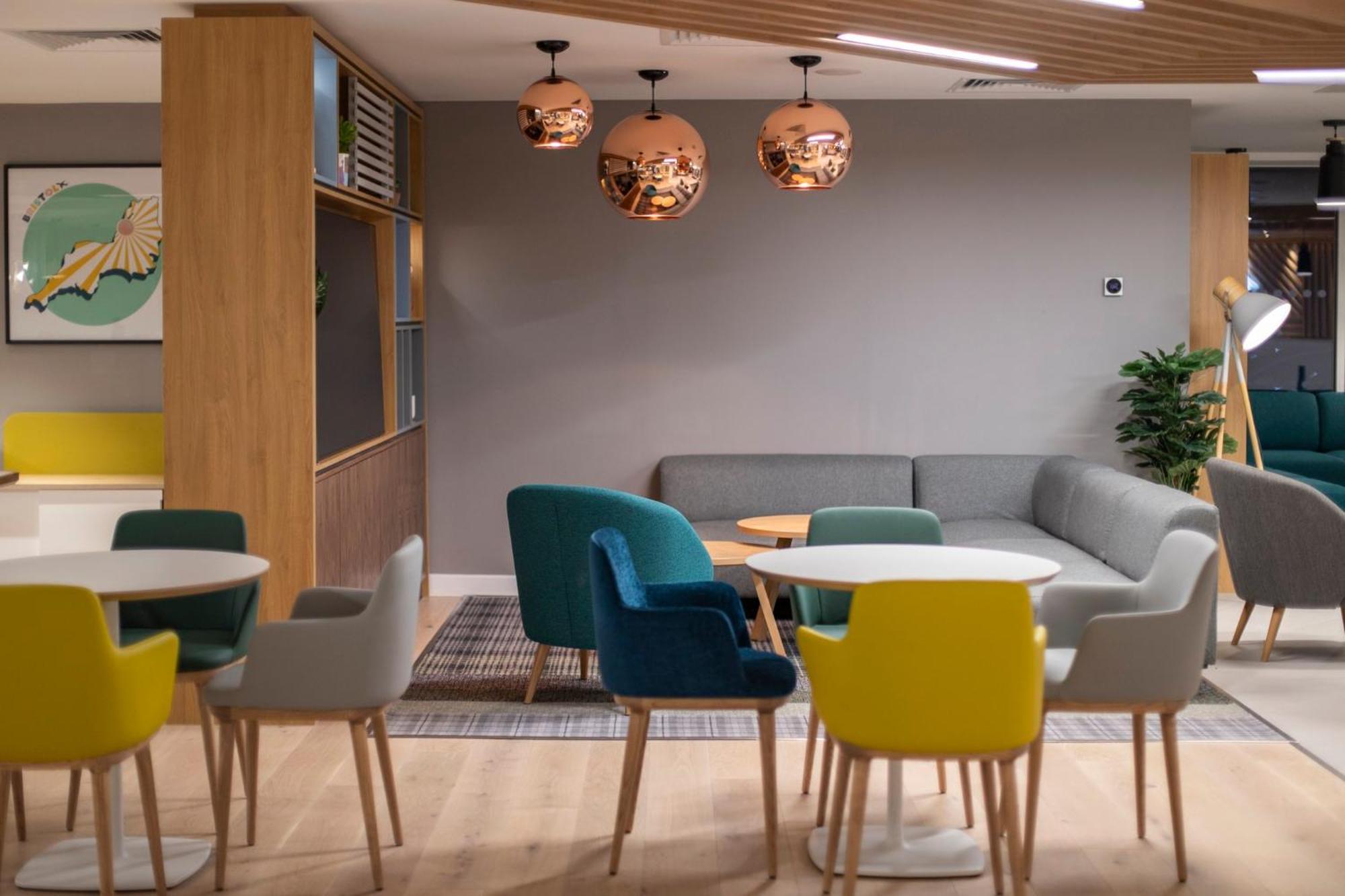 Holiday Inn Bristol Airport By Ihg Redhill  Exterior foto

***

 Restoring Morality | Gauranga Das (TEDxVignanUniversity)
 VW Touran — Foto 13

***

[What the task requires]: Going back to the entries above, set down exactly the lines that begin at the one with "Restoring Morality |" and end at the one with "VW Touran — Foto 13", both included, and nothing else.

[Output for this exercise]:
 Restoring Morality | Gauranga Das (TEDxVignanUniversity)
 VW Touran — Foto 13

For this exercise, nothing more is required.